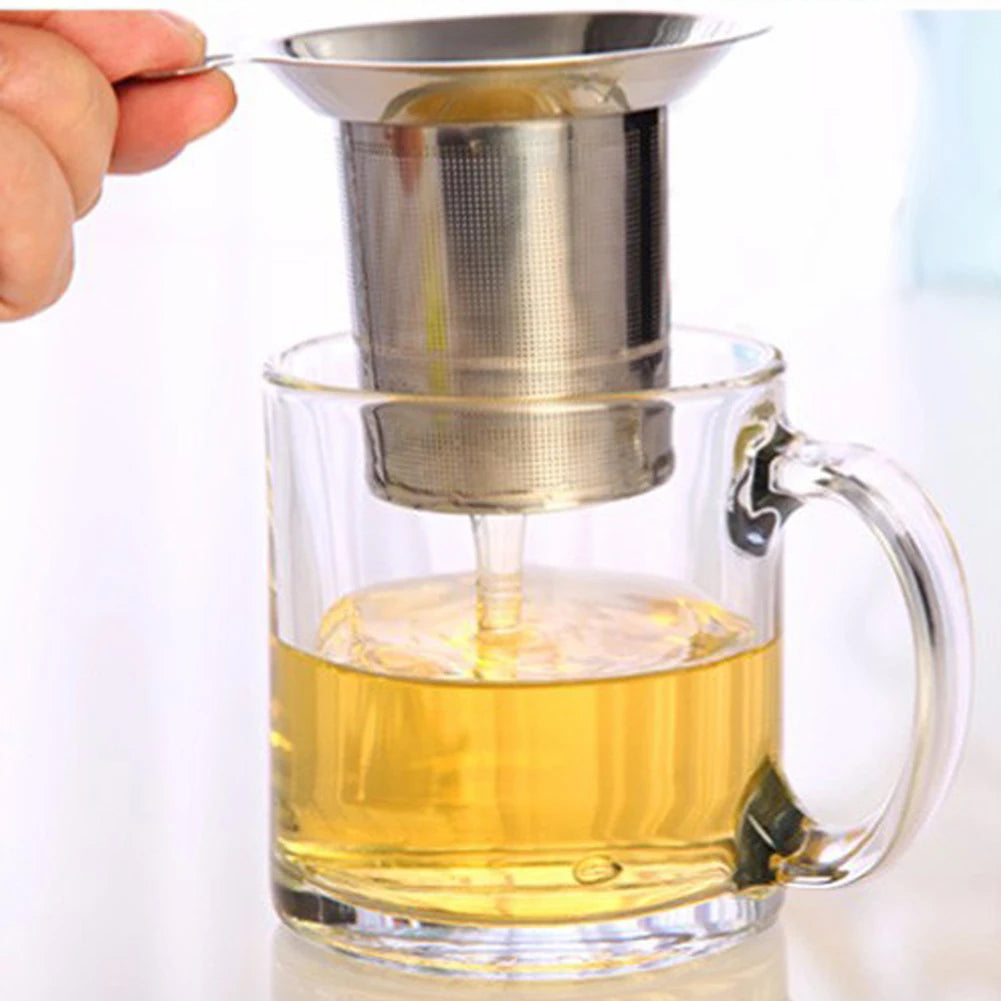 Stainless Steel Mesh Tea Infuser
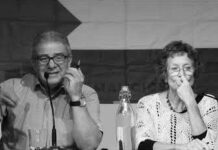 Dos años de Resistencia en O.Próximo – Leila Ghanem y Mayed Dibsi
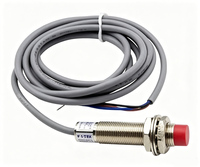 Capteurs de Proximité FOTEK 100% Originaux Série PM12-04NS/PM18-08N/PM18-08P/PM18-08NB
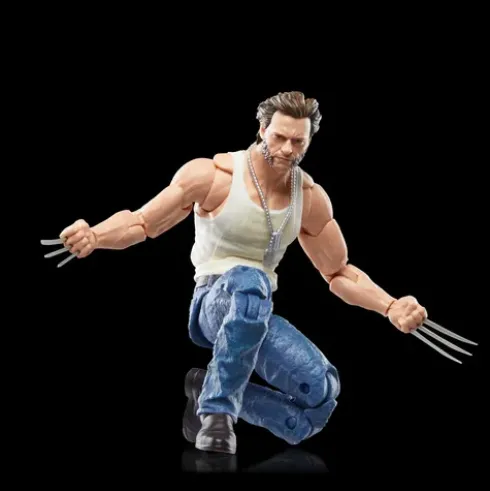 Marvel Legends Series Wolverine Legacy Collection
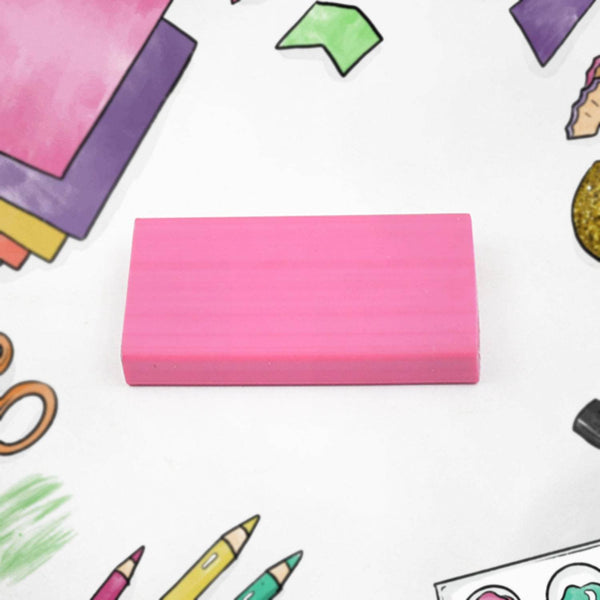 Fancy & Stylish Eraser (1 Pc / Mix Design) - dailyneed.life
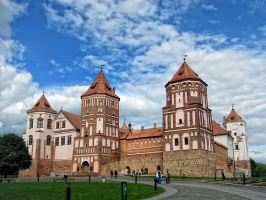 Most Beautiful Historical Sites in Belarus
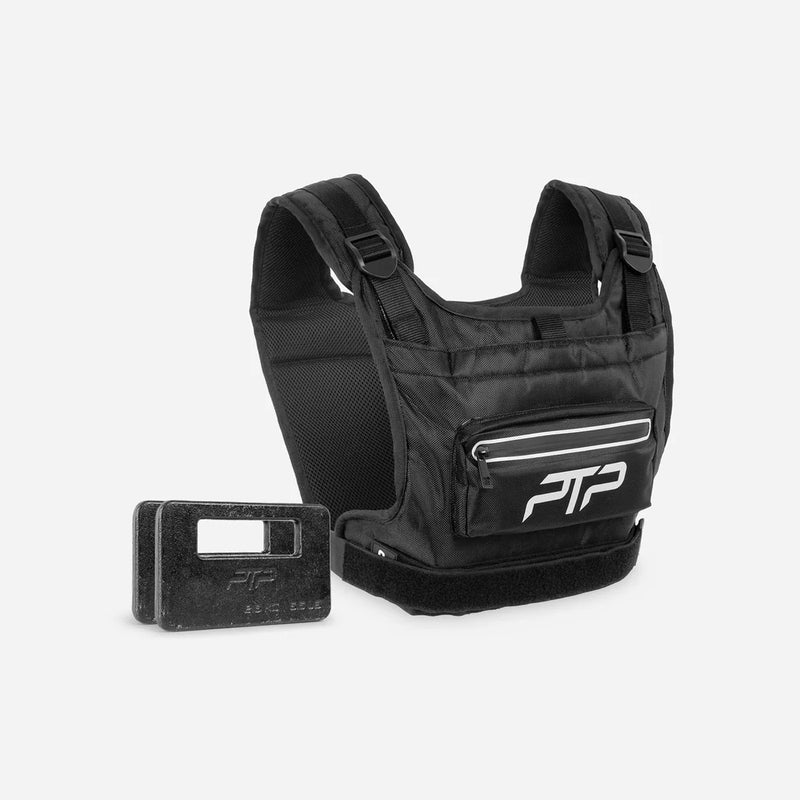 PTP XGravity Weighted Vest Combo 5kg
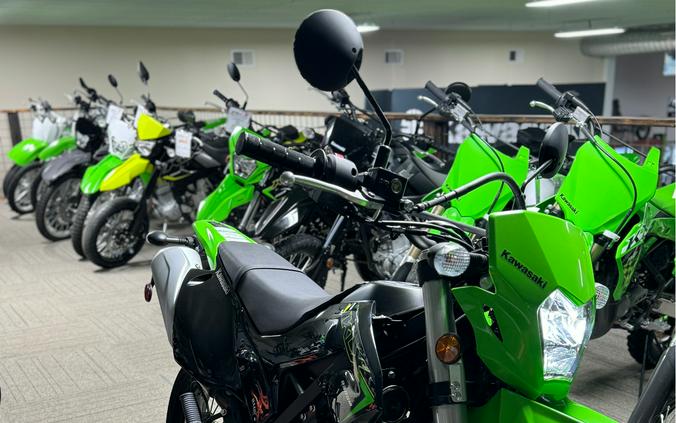 2023 Kawasaki KLX 230SM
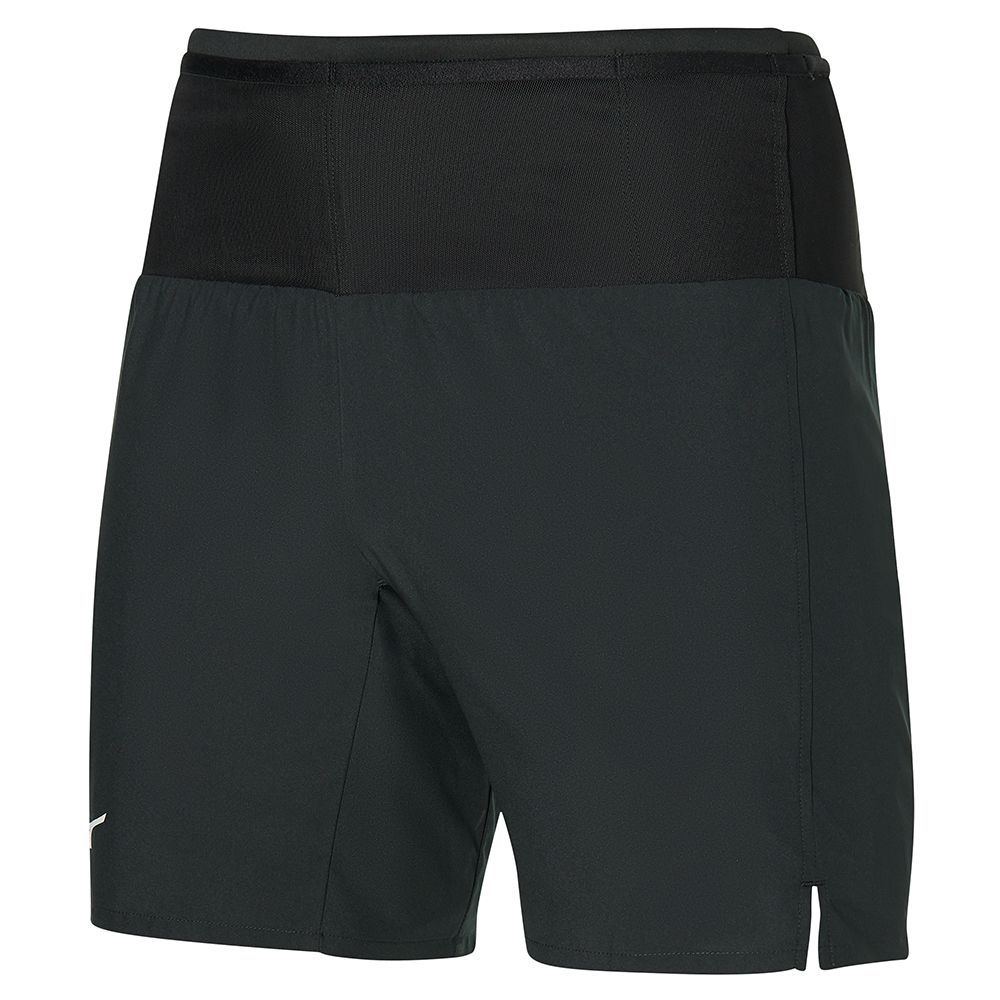 Mizuno Multi Pk Dry Korte Broek Heren Gekleurd Zwart | ESZDHB942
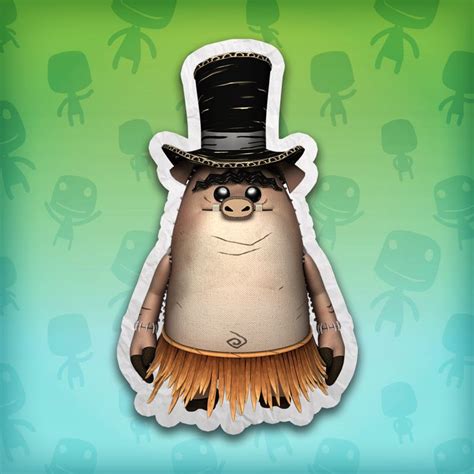 LittleBigPlanet 3: Don't Starve - Pigman Costume Attributes, Tech Specs, Ratings - MobyGames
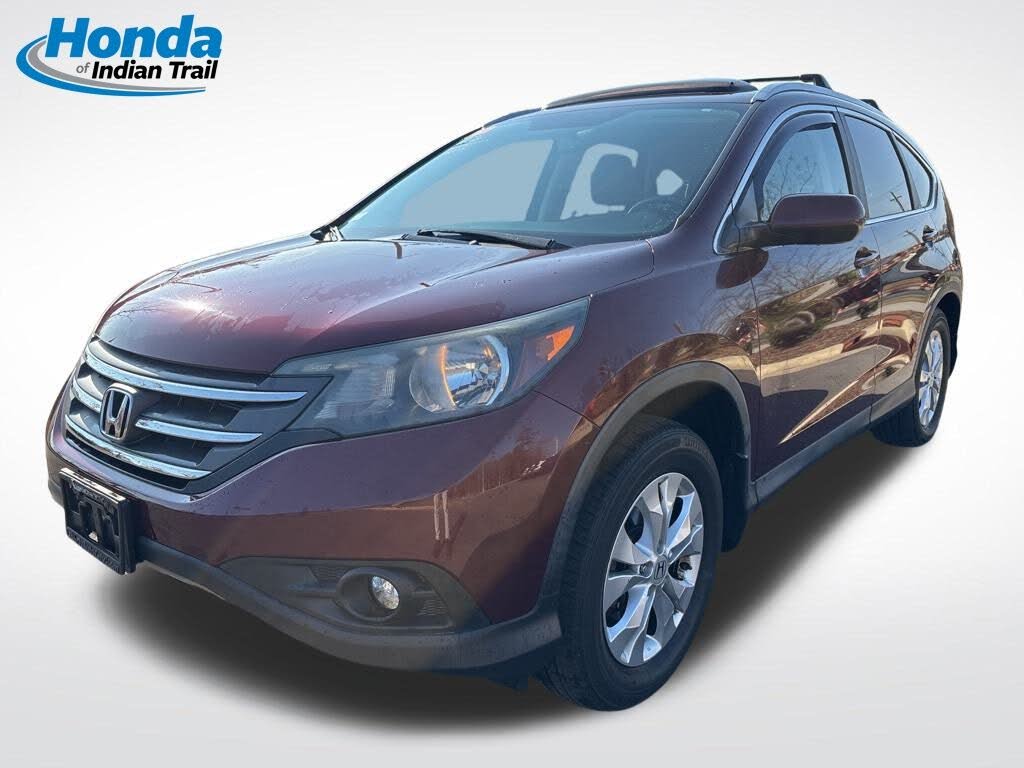 2012 Honda CR-V EX-L AWD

Task> With the pictures omitted, print each line of the data above precisely as given.

Response to this exercise>
 Stainless Steel Mesh Tea Infuser
 Dos años de Resistencia en O.Próximo – Leila Ghanem y Mayed Dibsi
 Capteurs de Proximité FOTEK 100% Originaux Série PM12-04NS/PM18-08N/PM18-08P/PM18-08NB
 Marvel Legends Series Wolverine Legacy Collection
 Fancy & Stylish Eraser (1 Pc / Mix Design) - dailyneed.life
 Most Beautiful Historical Sites in Belarus
 PTP XGravity Weighted Vest Combo 5kg
 2023 Kawasaki KLX 230SM
 Mizuno Multi Pk Dry Korte Broek Heren Gekleurd Zwart | ESZDHB942
 LittleBigPlanet 3: Don't Starve - Pigman Costume Attributes, Tech Specs, Ratings - MobyGames
 2012 Honda CR-V EX-L AWD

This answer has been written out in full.